Short web captions
┄┄┄┄┄┄┄┄┄┄
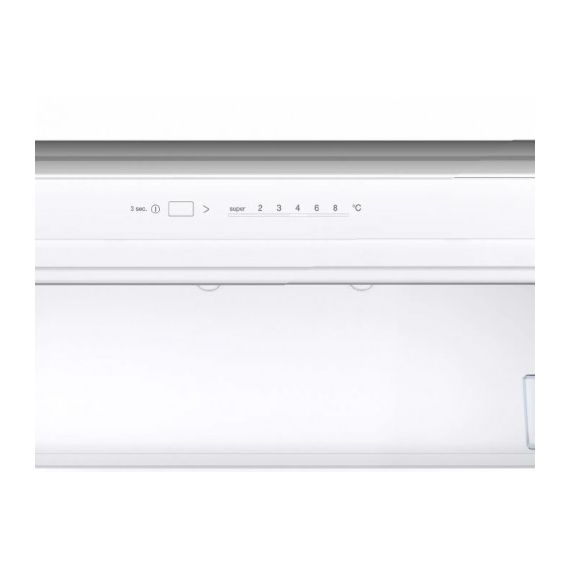 ВСТРАИВАЕМЫЙ ХОЛОДИЛЬНИК С НИЖНЕЙ МОРОЗИЛЬНОЙ КАМЕРОЙ BOSCH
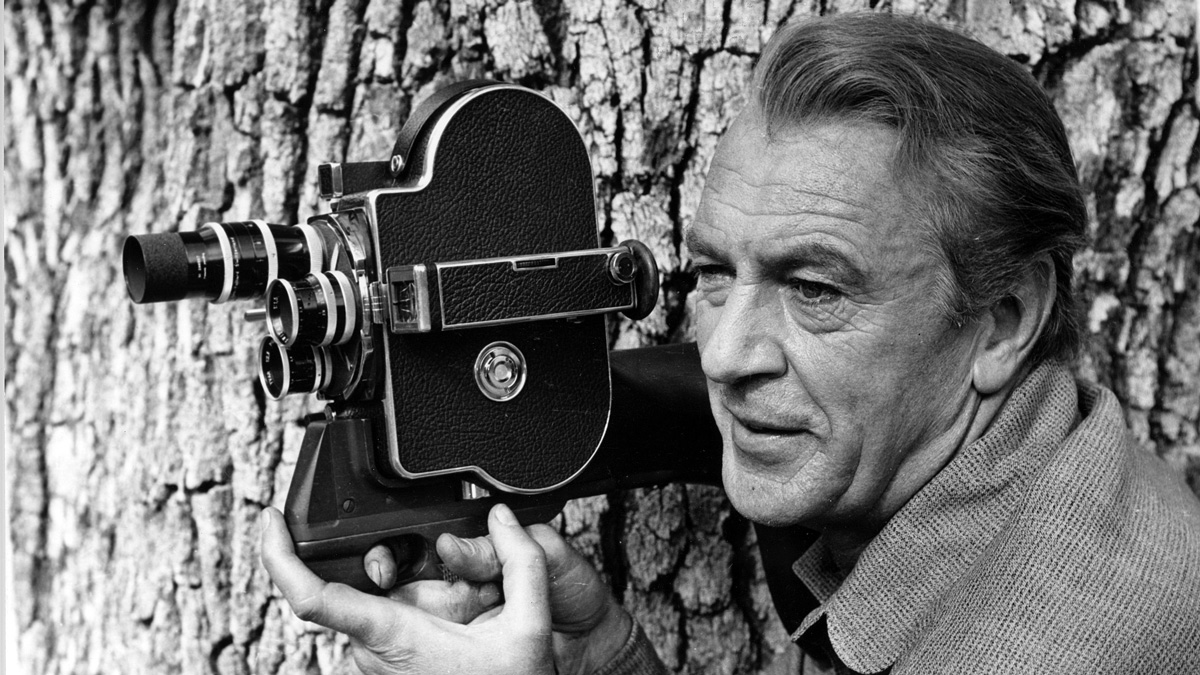 Gary Cooper držící ruční kameru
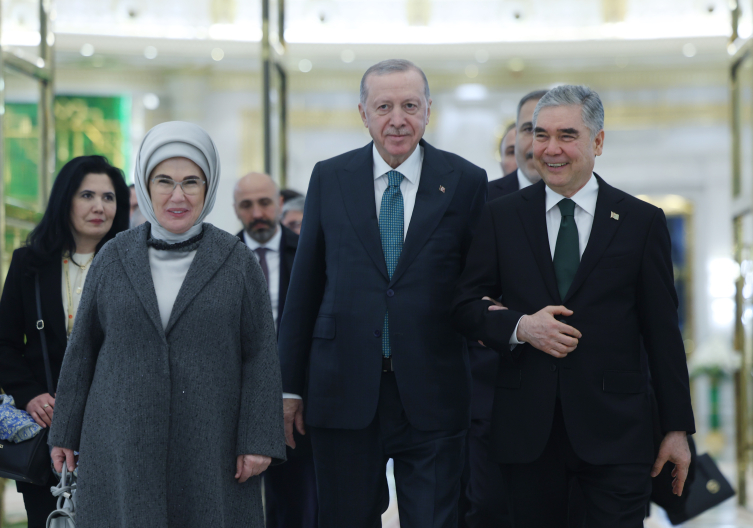 Cumhurbaşkanı Erdoğan Türkmenistan'da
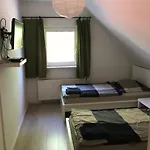 Have-A-Nice-Stay - Monteurunterkunft - Einzelbetten - Bad - Kueche - Parkplatz Lägenhet *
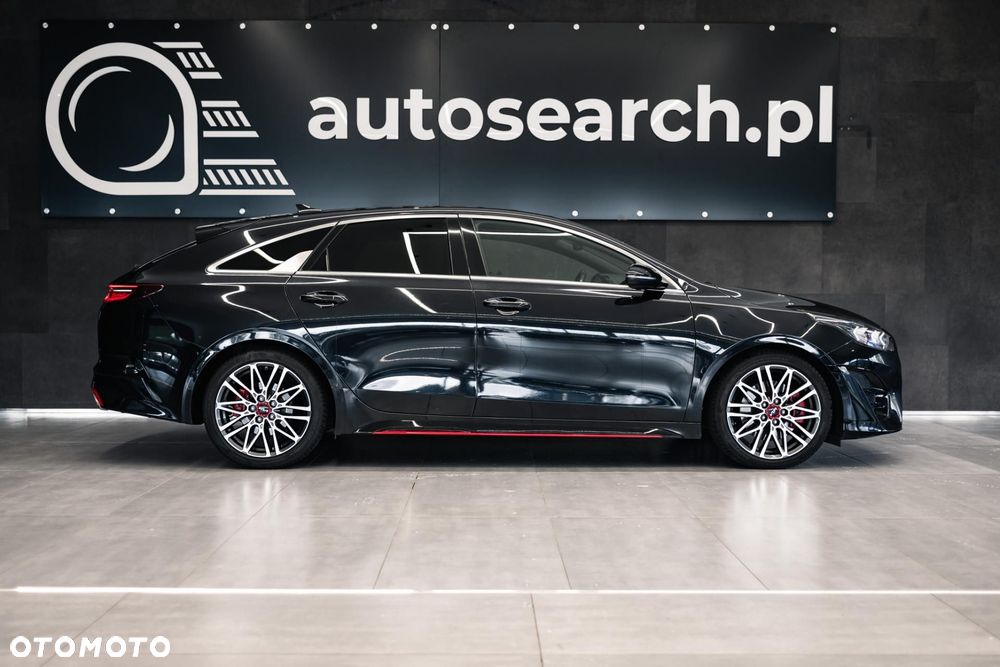 Kia ProCeed 1.6 T-GDI GT DCT - 9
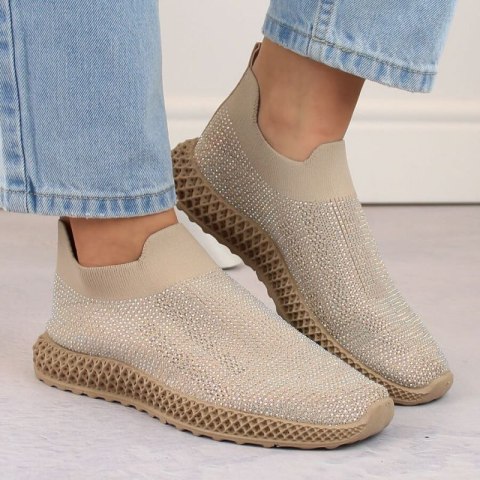 Buty sportowe wsuwane z cyrkoniami D&A W OLI257A beżowe S.Barski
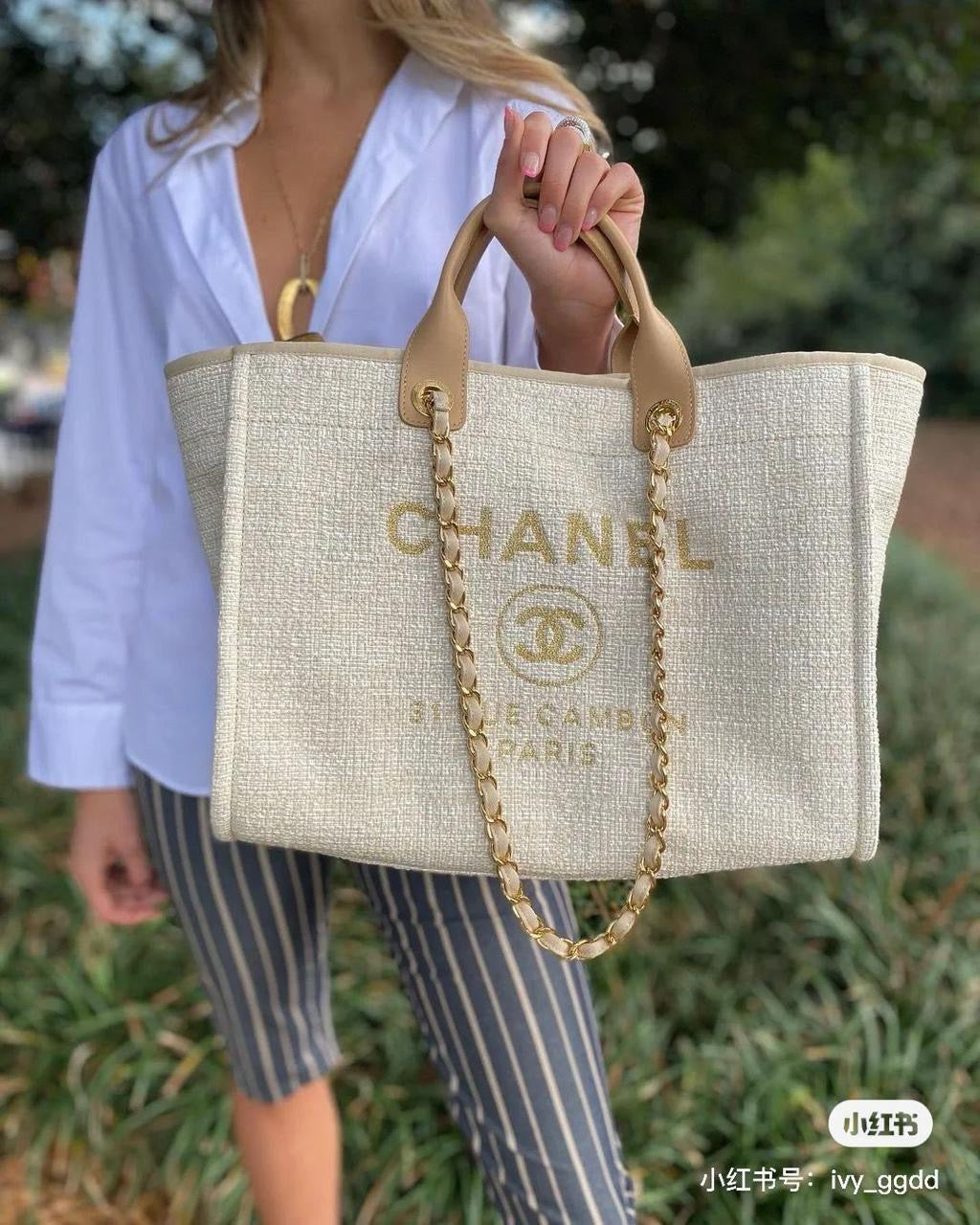 Chanel bag tote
┄┄┄┄┄┄┄┄┄┄
WHAT YOU SHOULD DO:
From the line containing "Gary Cooper držící ruční kameru" down to the final line of the records above, restate every line word for word, add nothing, and skip the pictures.

ANSWER TO THIS EXERCISE:
 Gary Cooper držící ruční kameru
 Cumhurbaşkanı Erdoğan Türkmenistan'da
 Have-A-Nice-Stay - Monteurunterkunft - Einzelbetten - Bad - Kueche - Parkplatz Lägenhet *
 Kia ProCeed 1.6 T-GDI GT DCT - 9
 Buty sportowe wsuwane z cyrkoniami D&A W OLI257A beżowe S.Barski
 Chanel bag tote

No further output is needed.